The k-means algorithm does the following:

  1. Given a set of points, we first choose k random points to be the initial centroids.

  2. We then create k clusters. The ith cluster contains the points nearest to the ith centroid.

  3. Now, we calculate the means of points in each cluster. Thus we have k means. These k means form the updated k centroids. We then create new k clusters as described in step 2.

  4. We keep doing steps 2. and 3. until the k centroids stop changing positions

My question is – what happens if two or more of the initial randomly chosen centroids turn out to be the same (I'm talking about the centroids chosen randomly in the first step)?

My first intuition is that we would just proceed as it is, without any changes to the algorithm.

Is this how that works? Or is there a guarantee that the initial centers are never going to be the same?

Best Answer

Yes they can be the same.

Assume a worst case: we have n > k identical points.

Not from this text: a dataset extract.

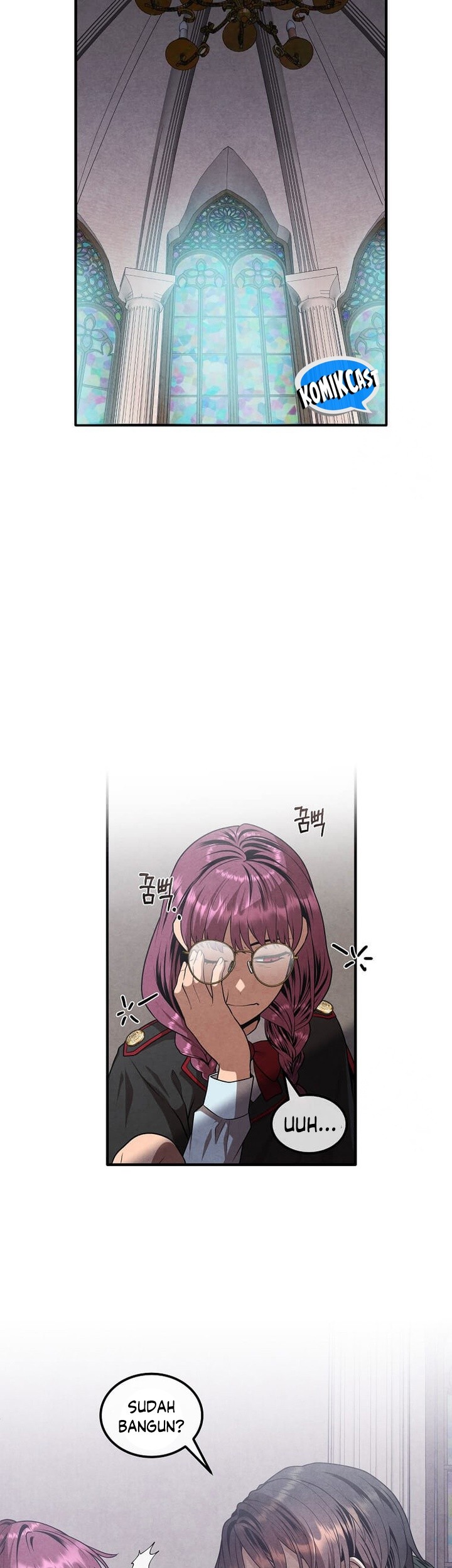 Chapter 123 - halaman 33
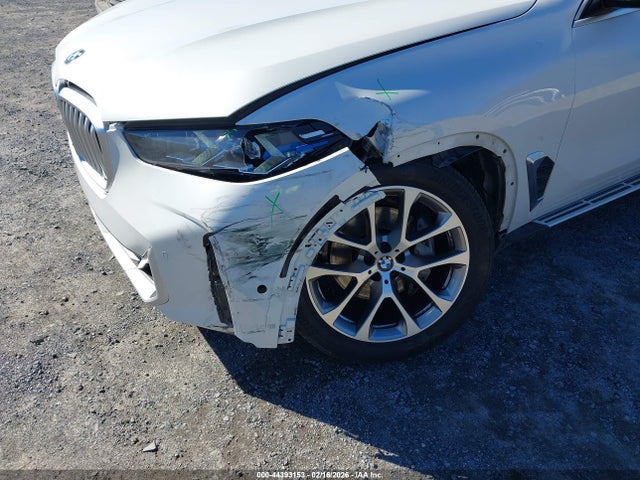 2024 BMW X5 5UX23EU00R9S37490 Photo 5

Then all centers must be the same.

The problem is that k-means itself cannot adjust k if such things happen.

In reality, it usually will not be a problem. Even if you have two identical centers in the beginning, one will usually change after the first iteration, and then they will move into different directions.

Beware that in some situations, k-means clusters can become empty, too. It appears the most stable approach then is to keep the previous iterations mean for these clusters.